With the entry store-fetch plug-in active, add Quentin’s entry back into the directory:


$ ldapmodify -a -h localhost -p 1389 -f quentin.ldif \
-D uid=kvaughan,ou=people,dc=example,dc=com -w bribery

Now search again for strings in the directory database file for the mail attribute values.


Example 9–6 Attribute Values in a Database File After Scrambling


$ cd instance-path/db/example/
$ strings example_mail.db3 | grep example.com
=agodiva@example.com
=hfuddnud@example.com
=pblinn@example.com
=scooper@example.com
=bcubbins@example.com
=yyorgens@example.com

Notice that Quentin’s mail address value is now not visible in the directory database. Directory users who have appropriate access rights, anonymous in this simple example case, can still view the attribute during a search. The attribute and its value are emphasized in the following example.
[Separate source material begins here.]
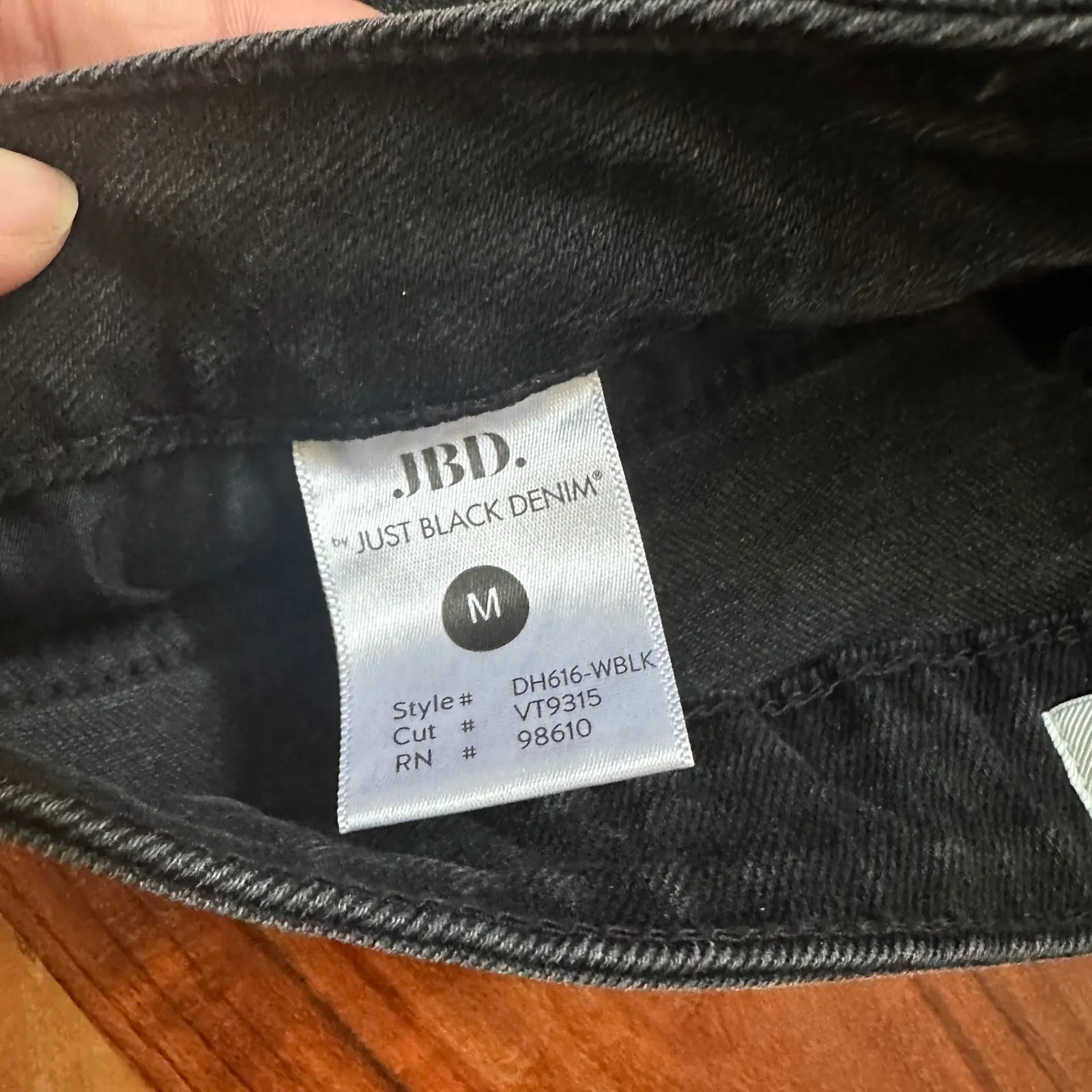 JBD Black Denim Light Distressed‎ Shorts Size Medium - Image 3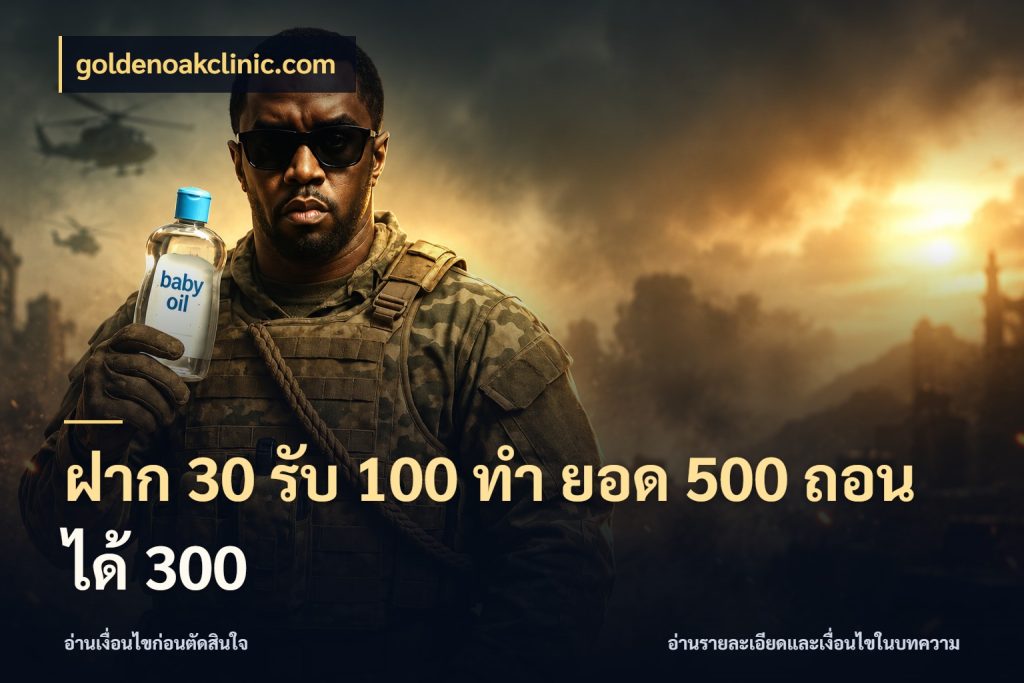 ฝาก 30 รับ 100 ทํา ยอด 500 ถอนได้ 300 goldenoakclinic.com เปิดมุมโปรให้เข้ากับเกมแนวโปรด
Example 9–7 Unscrambled Search Results


$ ldapsearch -h localhost -p 1389 -b dc=example,dc=com uid=qcubbins
dn: uid=qcubbins,ou=People,dc=example,dc=com
objectClass: top
objectClass: person
objectClass: organizationalPerson
objectClass: inetOrgPerson
uid: qcubbins
givenName: Quentin
sn: Cubbins
cn: Quentin Cubbins
mail: qcubbins@example.com
secretary: uid=bcubbins,ou=People,dc=example,dc=com

In this way, you see that entry store and entry fetch plug-ins affect only the way entries are stored, not the directory front end.